At the hearing, the Supreme Federal Court (STF) received opposing actions to determine the validity of the law. The rapporteur, Minister Gilmar Mendes, opted, instead of endorsing a decision already made and superseded by the Court, to create a "conciliation chamber" to re-discuss the issue. Inaugurated in August 2024, when the Guarani Kaiowá were being shot at in Douradina (MS), the working group lasted until June 23rd.

Reinforcing what the indigenous movement had already denounced since the commission was created, when it withdrew from the table considering it a "farce" that sought to "negotiate the non-negotiable," the group in the Supreme Court did not reconcile anything. In the last session, the auxiliary judge of Gilmar Mendes' office, Diego Veras, said that "the minister did not deliberate on what he will do with the product of this commission, whether he will submit only this to the plenary, whether he will return here for a vote, he has not decided."

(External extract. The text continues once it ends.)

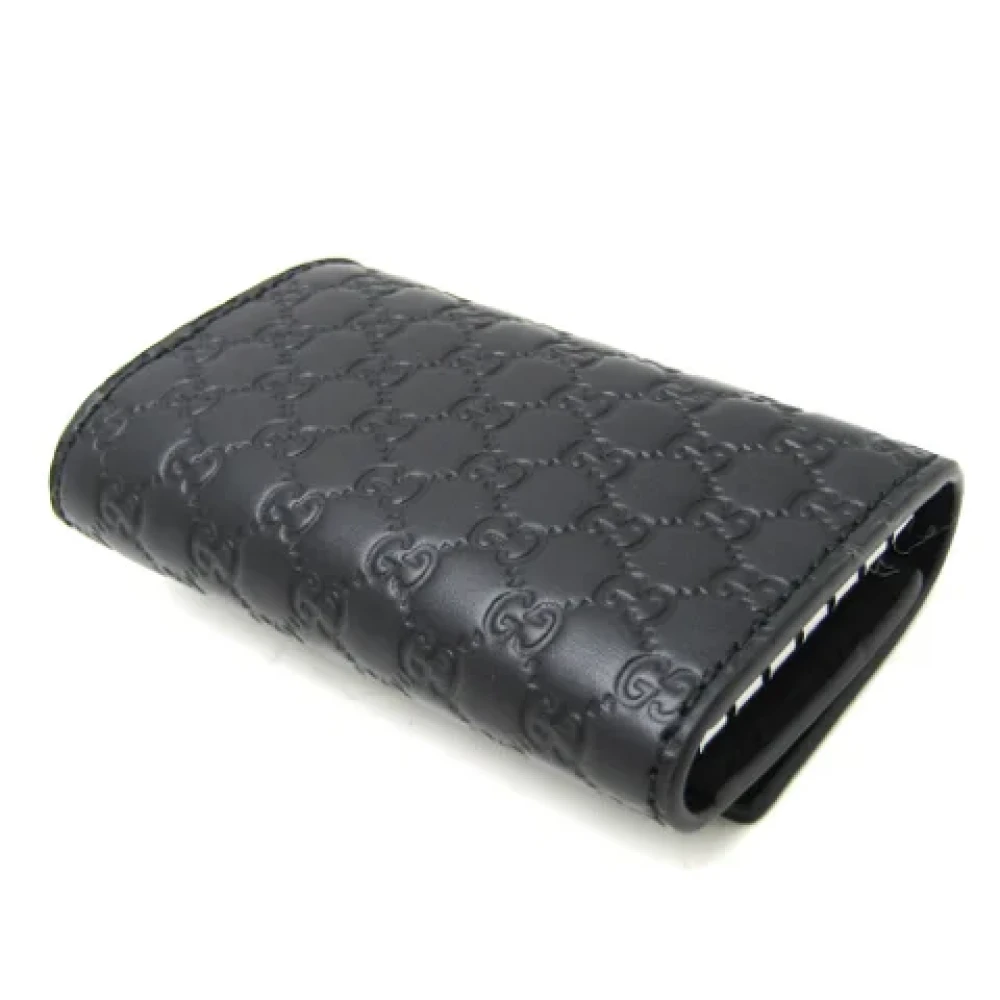 Gucci Vintage Pre-owned Leather key-holders Black Unisex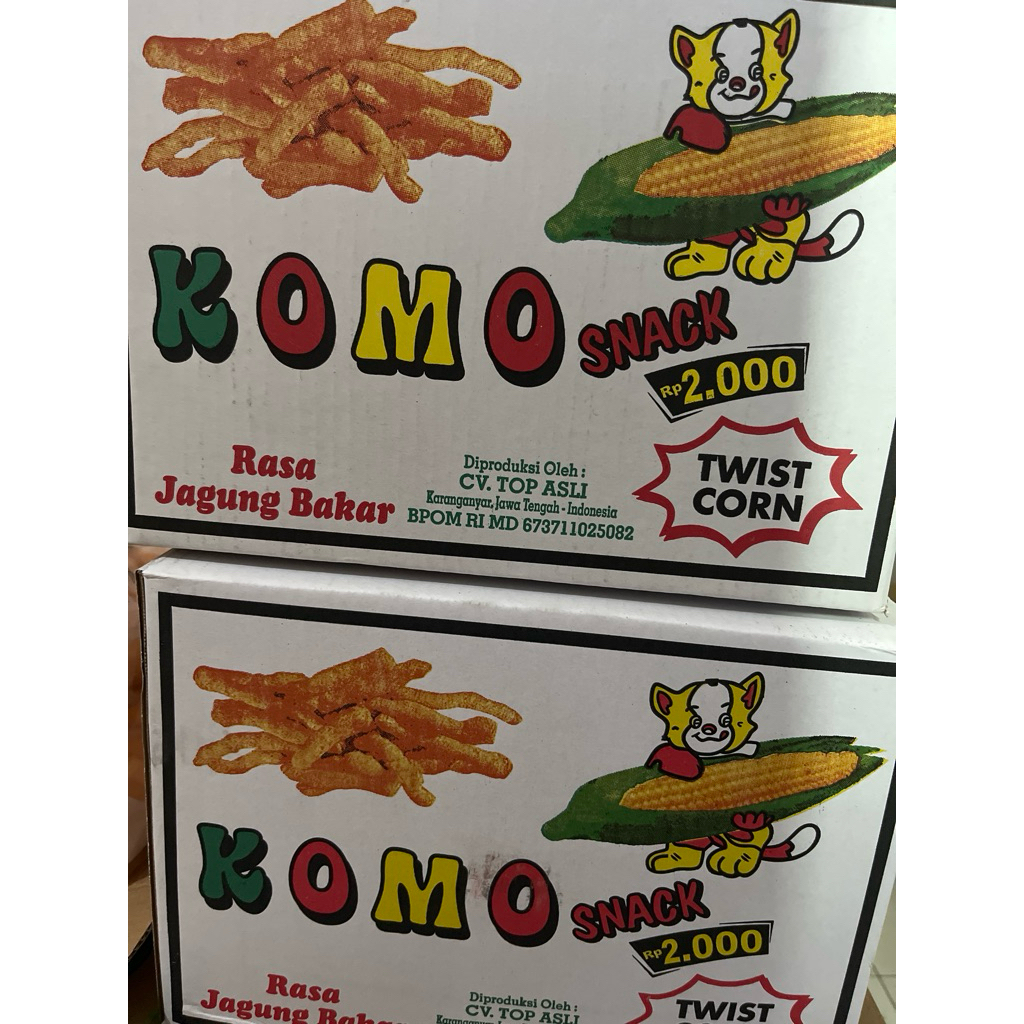 

Komo snack twist corn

While the issue has not yet been definitively addressed by the Supreme Federal Court (STF), the temporal framework remains an open flank in Brazil. “As a consequence,” points out the CIMI report, “demarcations have progressed at a slow pace, and indigenous lands, including those already regularized, have experienced invasions and pressure from land grabbers, ranchers, hunters, loggers, and miners – among other invaders, who felt emboldened by the context of the erosion of territorial rights.”

“In addition to applying this thesis, the Law also provides for significant changes in the administrative procedures for territorial recognition. Some of these changes are difficult to implement and, according to Funai itself, are already causing 'an increase in the slowness of the processes for demarcating indigenous lands'. Others 'suffer from a lack of clarity and contradiction' and are even 'unfeasible',” the document warns.

Land conflicts

Among the 1.241 cases of violence against the property of indigenous peoples, the report records 154 conflicts related to territorial rights in 114 Indigenous Territories distributed across 19 states of the country. In almost two-thirds of the cases, the lands have not yet been officially recognized.

Another 159 Indigenous Territories had 230 cases of land invasion, illegal exploitation of natural resources, and other various damages in 21 states during the year 2024. In these cases, the majority of the areas (61%) are located in territories that have already been legally recognized.

The report also highlights that illegal oil exploration in the Amazon River estuary is already generating severe psychological impacts. The advancement of carbon credit projects in Indigenous Territories and other communities, commonly carried out without due debate and understanding, is also one of the problems detected in the survey.

Omission by public authorities

In 2024, 208 suicides of indigenous people were recorded in Brazil. As in the previous year, the states with the highest rates are Amazonas, Mato Grosso do Sul, and Roraima. In 69% of cases, the people who took their own lives were between 19 and 29 years old.

In addition, 922 deaths of children between 0 and 4 years old were recorded, with the main causes being deaths considered preventable, such as those caused by influenza and pneumonia, malnutrition, diarrhea, gastroenteritis, and intestinal infectious diseases.

Suicides and preventable child deaths are categorized in the CIMI report as consequences of public authorities' omission. Similarly, the lack of protection for the territories of indigenous peoples in voluntary isolation who have not yet received state recognition is also categorized. In the Brazilian Legal Amazon, this is the case for 119 areas. Of these, 37 remain without any action from FUNAI (National Indian Foundation) for protection or demarcation.